A stone building with a colonnade lit by lights sits in front of a brick churck and a street lamp
Josh Landes
Pittsfield, Massachusetts City Hall.

The city of Pittsfield, Massachusetts has rescinded a ban on indoor dining.

The November 12th order to halt table service in Pittsfield’s restaurants following an explosion of COVID-19 cases from October gatherings prompted outcry from business owners.

“My problem is that city of Pittsfield closed our indoor dining but nothing in Berkshire County was closed, so for all I know our citizens of Pittsfield are going elsewhere to eat," said Craig Benoit. "I mean, they’re going to Lenox, Lee, Lanesborough.
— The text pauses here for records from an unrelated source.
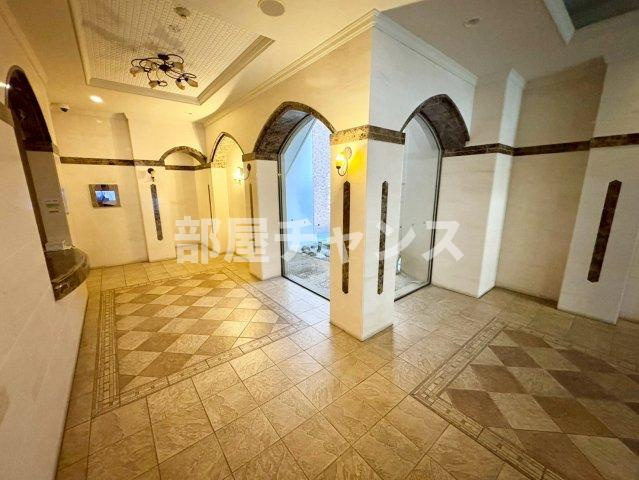 プレサンス泉セレグレードのロビー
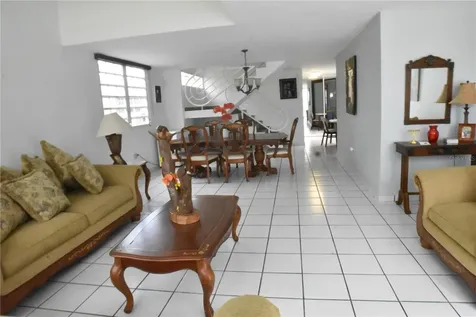 Estancias De Bairoa Calle Miramelinda Caguas PR 00725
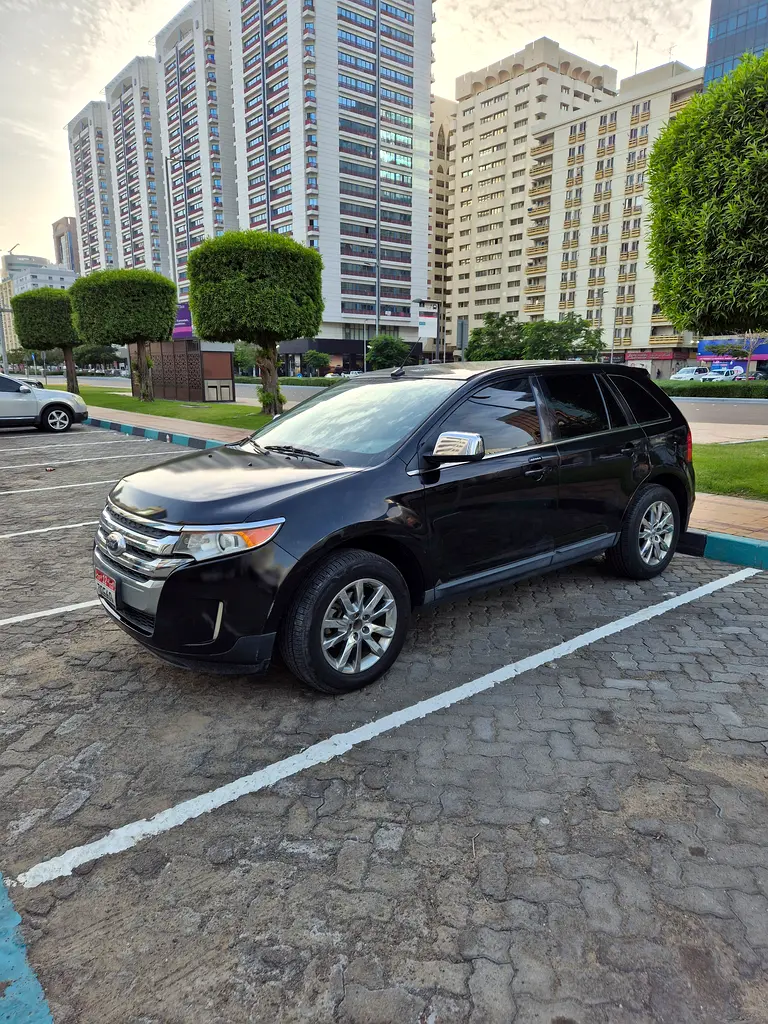 Ford Edge 2013 — photo 1 of 8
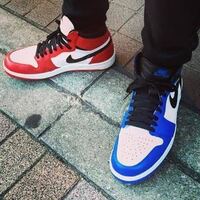 昨日 近所の中学生の女の子が左右色違いの靴を履いていました 赤と青 Yahoo 知恵袋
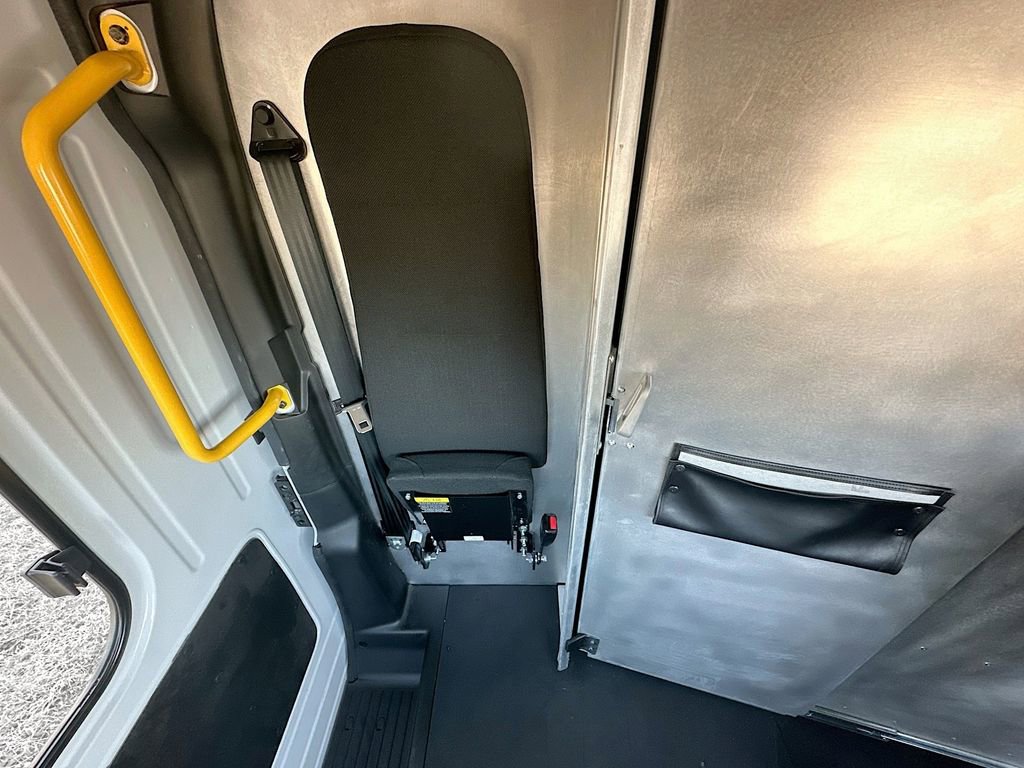 Used 2024 RAM ProMaster 3500 w/ Delivery Van Package image 22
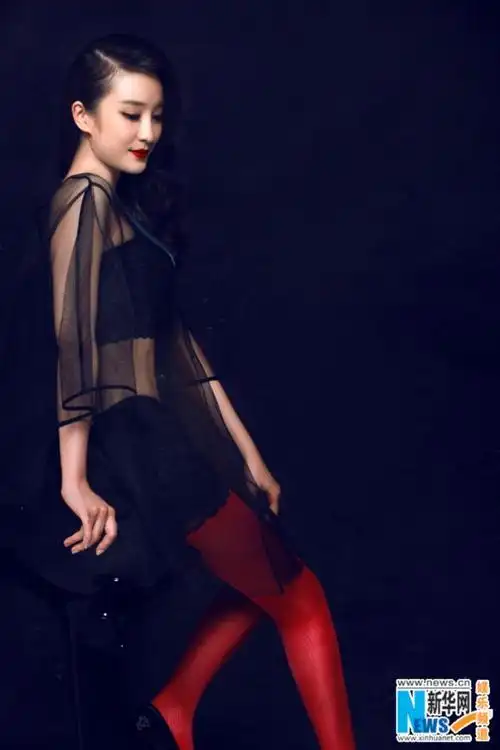 林好红黑写真曝光 高冷范演绎初夏复古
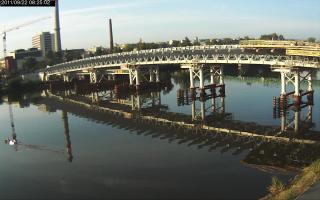 082502_326175075.jpg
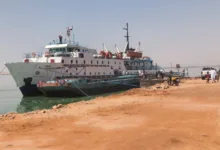 الباخرة KOTA CABAR ترسو بالميناء الجنوبي بغاطس قياسي الباخرة سيناء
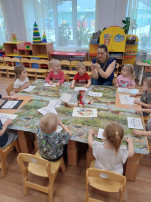 Занятие по рисованию в группе "Родничок" Занятие по рисованию в группе "Родничок".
And even worse than that, they’re going over to New York State and taking all our tax dollars and revenue.”

Benoit, who owns the Hot Dog Ranch on West Housatonic Street, called into the November 24th virtual city council meeting to express his concerns.

“I’ve had to lay off 22 employees,” he said.

Mayor Linda Tyer held a meeting with Benoit and other restaurant owners Tuesday, leading to a compromise: indoor dining will return but with a limit of six people per table – four below the statewide limit of 10.

“In the last few days we are seeing an uptick in cases once again, but these cases are primarily general community spread as well as the high number of cases we’re seeing in one of our long-term care facilities," said Pittsfield Director of Public Health Gina Armstrong.

The nursing and rehabilitation facility Hillcrest Commons, located on Valentine Road, has reported almost 130 residents and around 60 staff members with COVID as of Tuesday.

“The difference now as to when the board of health issued the emergency order in mid-November is that those cases were related to clusters that were associated with gatherings of restaurant workers at house parties and groups having indoor dining at a few restaurants," said Armstrong. "So although we are seeing the increase in cases in the last few days, we’re not seeing clusters, large clusters of cases like we were in mid-November.”

Mazzeo’s, Methuselah, and PortSmitt’s were identified as the venues for speader events in early November.

Armstrong says the new per table limits will prevent similar events from happening again, as will a statewide ban on indoor dining after 9:30 pm.

“We’re preventing situations where you have people coming from multiple households where there’s an increased exposure to more people in different households," she said. "So by capping that at 6, there’s a better control measure there for indoor dining.”

Armstrong says that Pittsfield’s move to ban indoor dining was always intended to be temporary. At the time, the decision set the city apart from the state.

“We do want to be consistent with the governor’s orders, and generally we are, but in this case we had to take a stronger measure because of the specific cluster activity that we saw,” said Armstrong.

The city’s decision to return to indoor dining came the same day as Massachusetts reported the highest one-day total for confirmed new COVID cases to date: 4,613. Around 226,000 cases have been reported in the state since the pandemic began, as well as almost 11,000 deaths.

“We did see a decrease in cases following the emergency order," said Armstrong. "So we feel that it was effective. And now the cases that we’re seeing, they seem to be related to families gathering within households. We’re seeing transmission occurring to family members within households, and we’re already seeing the uptick since the Thanksgiving Day holiday. So we’re going to continue to learn more as our nurses are doing the contact tracing over the next few days.”

Berkshire Medical Center in Pittsfield, the county’s largest hospital, has seen 43 people hospitalized from COVID-19 in the last two weeks, accounting for almost a third of the total number of hospitalizations since March 1st.